By hiring smart people who work well together and empowering them to take their own decisions, we create a collaborative culture where people are able to think big, and take risks. Instead of 10% growth, we’re always thinking of 10x growth.
Along the way, there are the perks like the food and the rides that get talked about, but those are perks, and not a retention strategy.
You came to Google after a leadership stint at Microsoft. Can you describe the difference in the perspectives of the two companies?
One thing that we don’t like doing is comparing ourselves to other companies, so I’m not going to do that, but I’ll tell you that at Google the focus is very much about building the future; what I said about 10x growth is the driving philosophy. We’re very excited and invested about our projects, and what we do is informed by that. Our goal is to democratize technology, and change the world by doing so.
What are the Google projects that you are personally excited about?
Everything that we do! I think that in terms of existing projects, YouTube and Google Plus are very exciting right now. We’ve also got some amazing projects like self-driving cars and Google Glass. The idea behind these projects isn’t some sci-fi fantasy, but rather, they’re about democratizing technology, to change the world for the better. In the short term, I think that digital TV is going to be very big. Over the next two to three years, I think that Google Glass and ubiquitous computing are going to be the game changers; everything is going to connect to the Internet, and that’s going to dramatically change the world.
You’re an active angel investor in India—can you share your perspective on whether Google would look at Indian start-ups?
For me, investing in start-ups is my top hobby. I do it because it’s what I want to do. Google believes in empowering start-ups/entrepreneurs and have numerous initiatives running in India. Google is one of the partners of (software services industry lobby group) Nasscom’s 10,000 start-ups programme, which aims at supporting 10,000 technology start-ups in India over the next 10 years.

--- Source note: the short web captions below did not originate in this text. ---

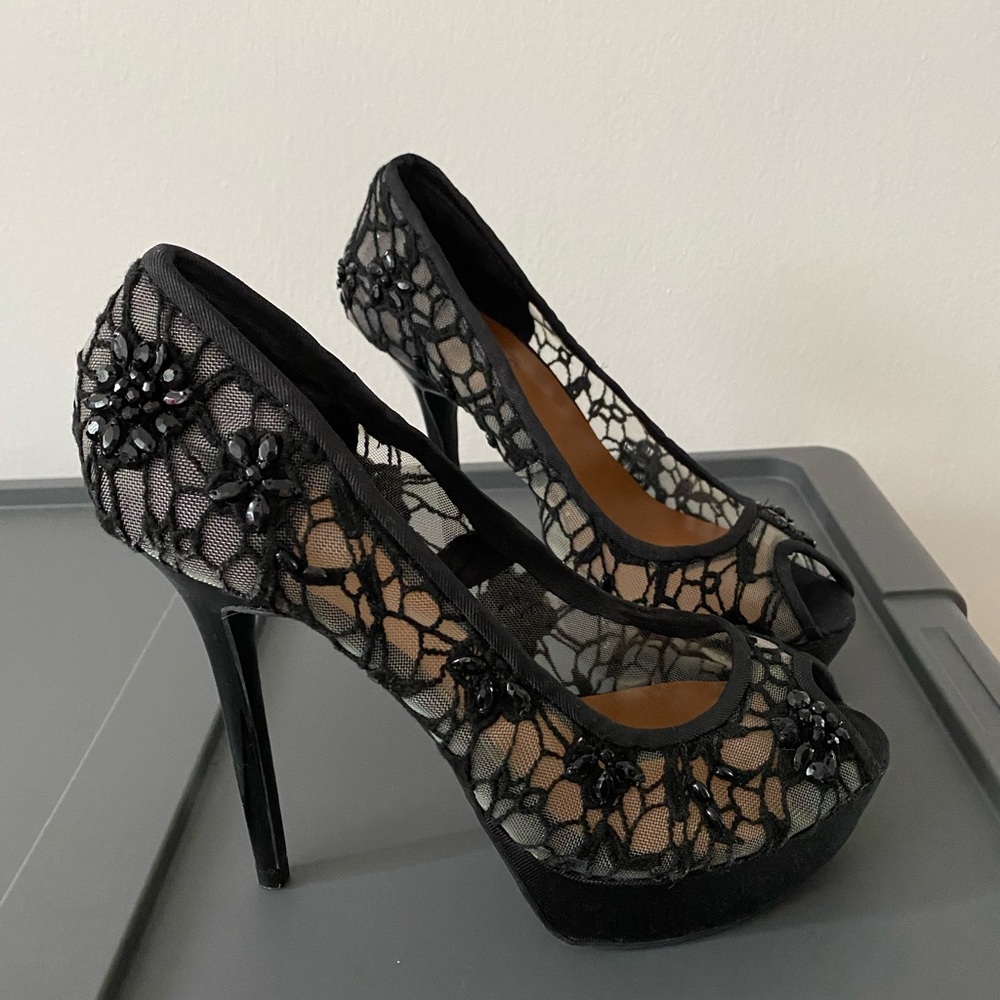 Mix No. 6 Black lace cutout pumps.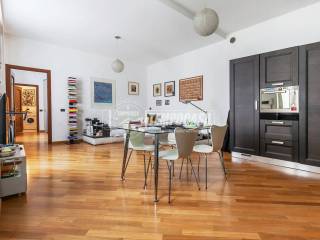 Bilocale via savona 11, Solari, Milano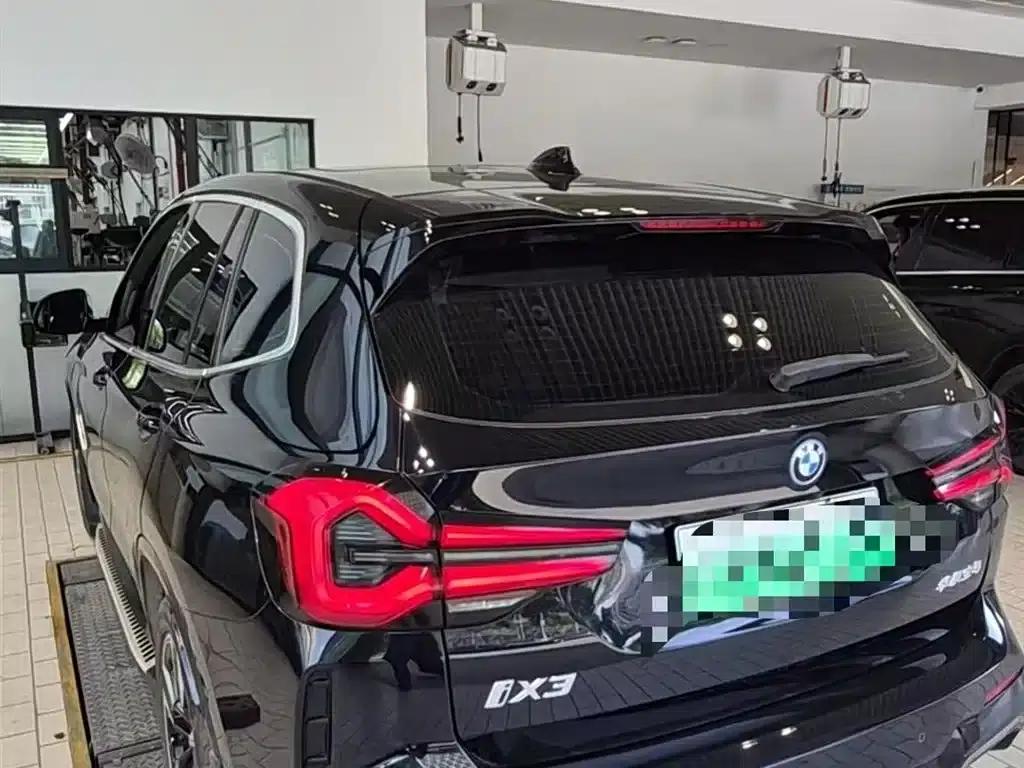BMW iX3 2022 Facelift Leading Edition — миниатюра 8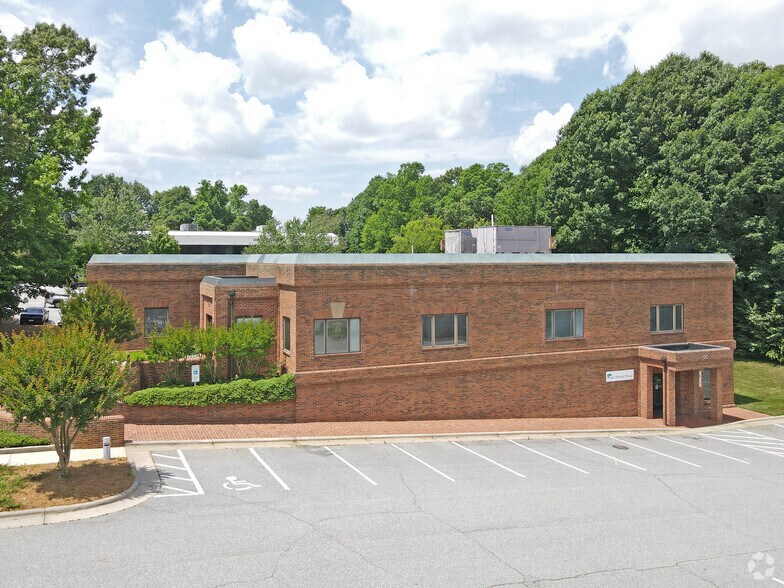 More Photos Of 130 Charlois Blvd, Winston-Salem Medical For Sale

Apart from this, we have our own initiatives in India such as India Get Your Business Online, which helps Indian small-scale businesses go online, and Women Entrepreneurs on the Web programme, which aims at helping women to grow their businesses through online presence, collaborate effectively and connect with their customers in the online domain.
What do you do to relax?
I spend my weekends with my wife Radhika and my daughter Maya. That’s very important to me, and we like to get in some outdoor activities together, like swimming or biking, or going to the park. We also go rock climbing together.
I’m also an art collector by proxy—my wife is very knowledgeable and interested, and as a result I’ve come to learn about art as well, and we collect modern and contemporary works. That’s one thing that the two of us do together, which is very important to me.